**Problem**:
Without the pictures, output the lines of the material from the very first through the one that holds "Autors: Uldis Varnevičs".

**Data shown**:
+---+

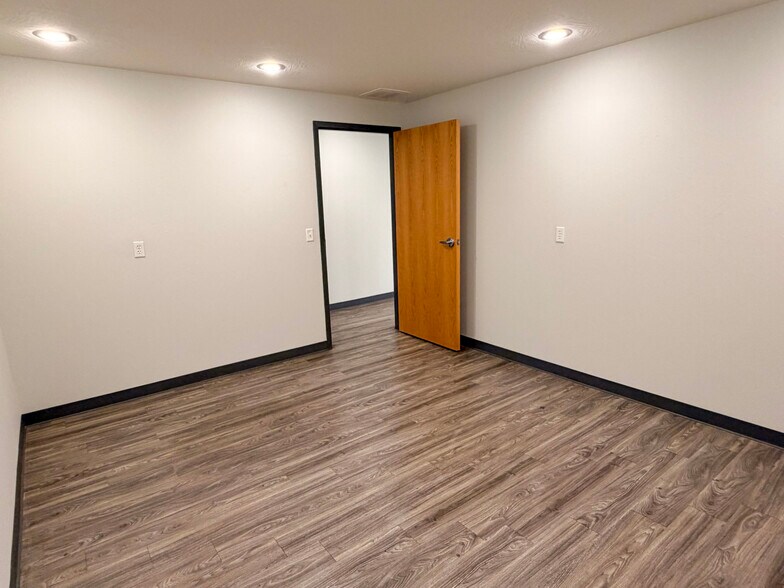 More Photos Of 4173 N 20th St, Ozark Warehouse For Lease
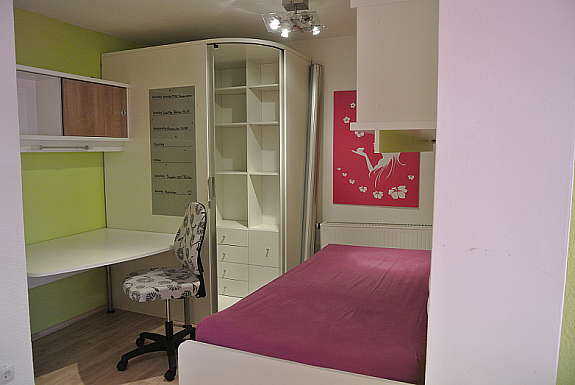 Jugendzimmer, begehbarer Kleiderschrank,Bett, Regale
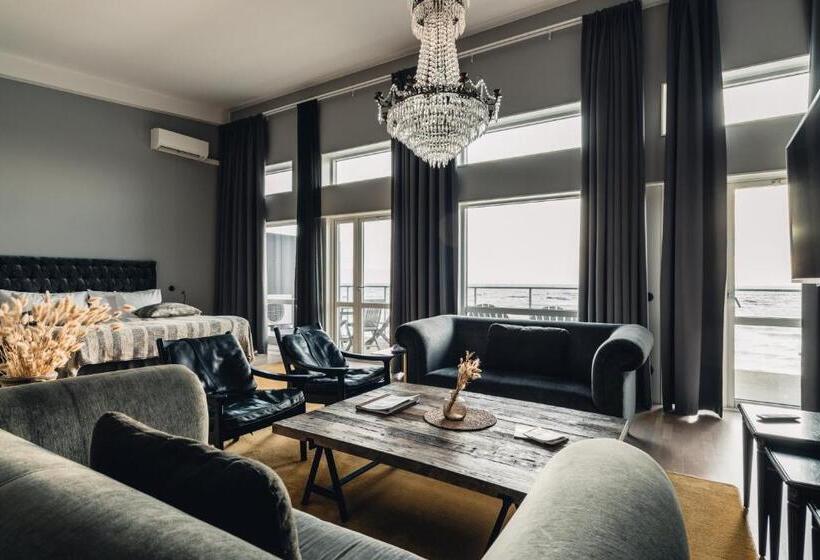 בית מלון כפרי Ocean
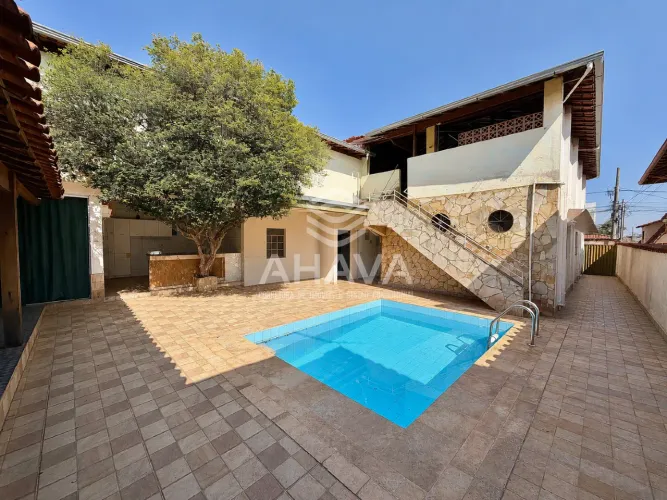 Casa à Venda  5 Quartos (1 Suíte)  3 Vagas  360m² de Lote.
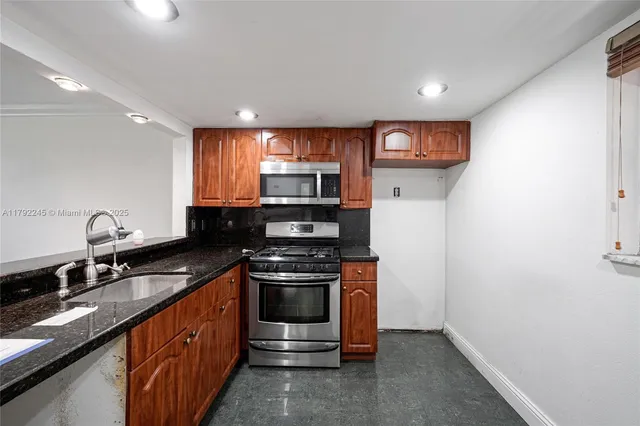 $155,000 | 17911 Northwest 68th Avenue, Unit P208, Hialeah, FL 33015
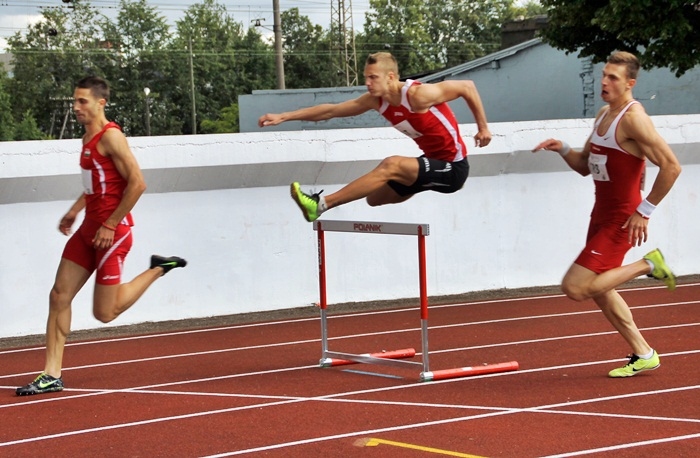 Jānis Baltušs (vidū) pārvar barjeru. 
Autors: Uldis Varnevičs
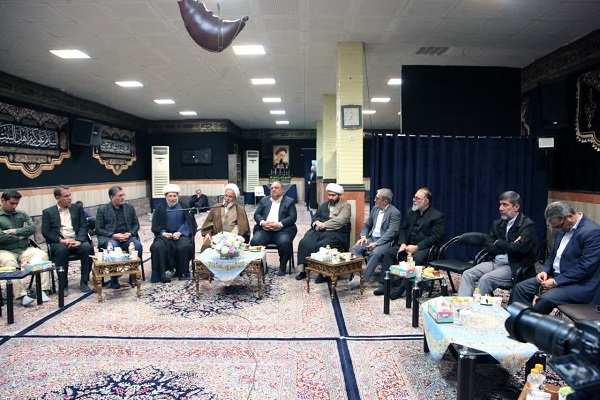 جلسه هیئت امنای حسینیه و دارالقرآن ثقلین کرمانشاه جلسه هیئت امنای حسینیه و دارالقرآن ثقلین کرمانشاه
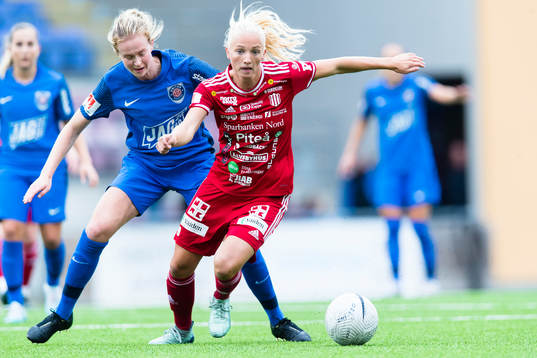Eskilstunas Emma Östlund i kamp om bollen med Piteås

+---+

**Result for this exercise**:
 More Photos Of 4173 N 20th St, Ozark Warehouse For Lease
 Jugendzimmer, begehbarer Kleiderschrank,Bett, Regale
 בית מלון כפרי Ocean
 Casa à Venda  5 Quartos (1 Suíte)  3 Vagas  360m² de Lote.
 $155,000 | 17911 Northwest 68th Avenue, Unit P208, Hialeah, FL 33015
 Jānis Baltušs (vidū) pārvar barjeru. 
Autors: Uldis Varnevičs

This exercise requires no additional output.